Ambos saben que si, vencido el plazo que les concedieron para descansar, no regresan al frente serán declarados desertores. Pero en cuanto pisan su suelo patrio y perciben el rechazo de jóvenes de su edad que los tachan de 'asesinos' y 'mata-niños', sufren una metamorfosis instantánea. El que perdió al amor de su vida descubre que ella se ha convertido en una combativa militante pacifista, que no sólo se opone a Nixon y Kissinger sino además ha leído a Wilhem Reich y practica el amor libre.
 

Para insertarse en ese grupo y lograr sus propósitos, ambos se declaran 'desertores' y poco a poco irán advirtiendo la responsabilidad que implica ir en contra del gobierno más poderoso del mundo. Cuando el espectador llega a esta zona del relato ya no puede dejar de pensar en Brad Manning y sobre todo en Ed Snowden.
 
Dos semanas atrás comenzó en el Fuerte Meade el juicio contra Manning. Su defensa presentó uno de los videos que el joven filtró a Julian Assange (el australiano asilado en la embajada de Ecuador en Londres) para que éste lo divulgara a través de la agencia Wikileaks. La grabación de las imágenes, captadas desde un helicóptero, muestra el ataque mortal que sufren en Bagdad los pasajeros de una camioneta (entre ellos dos niños) al tratar de rescatar a un compañero herido en la calle y ser ametrallados y asesinados como cucarachas.
 
Al igual que Snowden (que esta semana cumplió un mes varado sin pasaporte en uno de los cinco aeropuertoa de Moscú), Manning alega que el mundo debe conocer las atrocidades que cometen los hombres y mujeres del Pentágono y la Casa Blanca en contra de inocentes.
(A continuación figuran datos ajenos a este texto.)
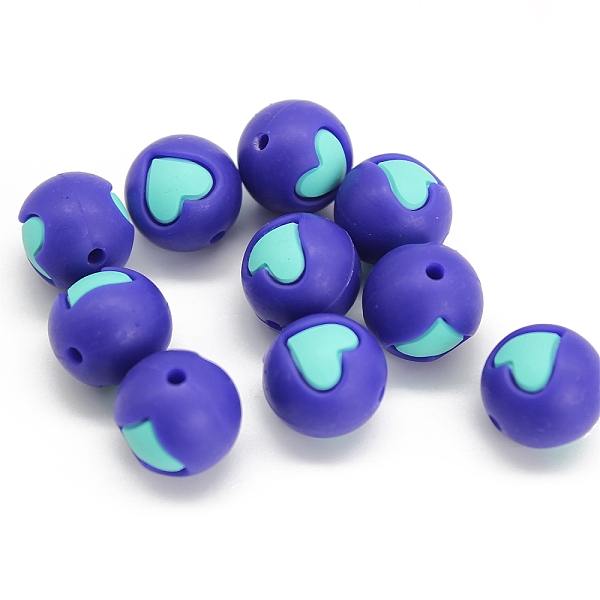 

PandaHall Round with Heart Pattern Food Grade Silicone Beads, Chewing Beads For Teethers, DIY Nursing Necklaces Making, Blue, 15mm Silicone...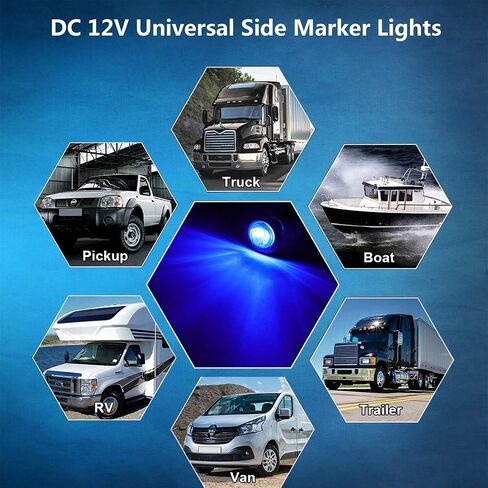 10Pcs 3/4 Inch Blue LED Marker lights,Led Trailer Side Marker Light,LED Clearance Bullet Marker Light,Turn Signal Identification Indicator Light for Trailer Truck RV Car Bus Van Pickup SUV ATV in Saudi Arabia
La gran desventaja de Manning, ante la moralina del pueblo al que pertenece, es que antes de ser arrestado como cómplice de Assange estaba gestionando una cirugía para transformarse en mujer, porque así lo desea su mente y lo demanda su cuerpo. Es un rebelde transgénero.
 
Snowden, en cambio, se autodefine como un privilegiado que “tenía un hogar en el Paraíso” y ahora es un paria y sabe que, tarde o temprano, la CIA lo matará, pero ha dicho que asumió el riesgo porque no está dispuesto a vivir en un mundo en donde todo lo que haga y diga cada ser humano en la Tierra sea espiado por Obama. Para que la historia de nuestro tiempo dé un vuelco justo y necesario, sólo cabe esperar a que el ejemplo de estos muchachos cunda como ocurrió en los años setenta.